興味深いのはこのテクスチュアが、創業百年を超える料亭の別館を改修するという与件のなかで成立しているということである。設計者=施工者によれば、この不均質な色や質感の背後にあるのはクラックを防止するための構法上の要請である。塗り重ねの際、層ごとに素材の色や含水量を変え(下層が黄色、中層が白、上層がクリーム色)、色差によって厚みを視覚化しながら塗り・掻き落しを進め、塗りの薄い部分を一定の間隔で布置することで歪みに追従する柔軟な仕上げをつくっている、と。なるほど、たしかに収縮時に歪みが大きくなるであろう床に近い部分では黄色い斑点が多く出現している。いうなれば、湿式工法にもかかわらず“目地”があるような状況。
この仕上げの正当性を担保しているのは、市場で決定された材料の価格ではないし、生産や加工に費やされた時間(労働量)でもない。かといって趣味性に依拠しているわけでもないし、様式化された仕上げが採用されているわけでもない。裏づけているのはただひとつ、これが建物を長持ちさせるための工夫であるということだ。その一点において、「よごれ」がこの場所に存在することが許されている。これは建物が人間に対して比較的長く存在するものだということに端を発しているから、建築特有のロジックだと思う。しかし、経験する側がそうした構築的な合理性を瞬時に理解することはとても難しいことだから、けっきょくは根拠や価値がよくわからない謎のテクスチュアとして──すなわちよごれや染みとして──人々はこの物質の全面的突出と向き合うことになるだろう。この部屋に長い時間身をおいていると、場所場所での質感の違いや壁の歪みが次第に見えてくる。いろいろなかたちをした斑たちや、それらが光を受けて浮かびあがる陰影らと、僕らは素朴に出会う。理解はつねに、自分の目や肌を通して、遅れてやってくる。これも、とても建築的なことだと僕は思う。

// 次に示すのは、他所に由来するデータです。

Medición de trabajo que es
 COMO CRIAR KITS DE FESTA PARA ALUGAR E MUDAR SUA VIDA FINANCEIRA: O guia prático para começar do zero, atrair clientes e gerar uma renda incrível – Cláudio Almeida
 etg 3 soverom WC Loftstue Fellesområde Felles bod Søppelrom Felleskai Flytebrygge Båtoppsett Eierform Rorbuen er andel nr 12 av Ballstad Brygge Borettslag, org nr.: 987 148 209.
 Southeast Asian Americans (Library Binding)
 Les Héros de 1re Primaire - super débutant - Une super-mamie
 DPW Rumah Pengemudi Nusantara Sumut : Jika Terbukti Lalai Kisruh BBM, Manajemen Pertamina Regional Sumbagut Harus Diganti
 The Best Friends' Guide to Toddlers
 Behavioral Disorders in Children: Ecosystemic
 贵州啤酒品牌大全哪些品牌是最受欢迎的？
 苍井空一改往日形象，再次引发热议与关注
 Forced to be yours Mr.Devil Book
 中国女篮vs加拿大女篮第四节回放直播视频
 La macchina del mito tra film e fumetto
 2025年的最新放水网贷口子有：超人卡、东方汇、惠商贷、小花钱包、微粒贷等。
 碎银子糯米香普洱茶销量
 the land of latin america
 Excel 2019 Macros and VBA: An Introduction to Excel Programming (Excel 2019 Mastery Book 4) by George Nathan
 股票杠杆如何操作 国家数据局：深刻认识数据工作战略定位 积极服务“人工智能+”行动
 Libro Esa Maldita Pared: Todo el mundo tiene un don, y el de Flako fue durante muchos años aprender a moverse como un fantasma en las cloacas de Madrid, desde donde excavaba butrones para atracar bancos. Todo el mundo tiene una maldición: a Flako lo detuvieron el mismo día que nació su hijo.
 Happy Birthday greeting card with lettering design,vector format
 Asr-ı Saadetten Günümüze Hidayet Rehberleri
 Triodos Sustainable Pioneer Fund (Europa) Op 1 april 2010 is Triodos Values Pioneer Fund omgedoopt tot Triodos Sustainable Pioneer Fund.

長持ちさせるための諸々の工夫は、素材の価値を振り出しに戻し、むしろ見えないところへと沈殿させ、それによって人間と、人間的な構築の身振りとを直面させる。そしてそれは、既存の歴史ある土地と立派の建物のなかに、貧しさと高級さ、古さと新しさといった複数の相容れなさが同居する「例外的な場」を出現させる。建主がここで実現しようとしている世界と、それを可能にするための設計者=施工者のこうした倫理的な態度は、壁や天井だけではなく、《西深井の左官》の細部の隅々にまで行き渡っている。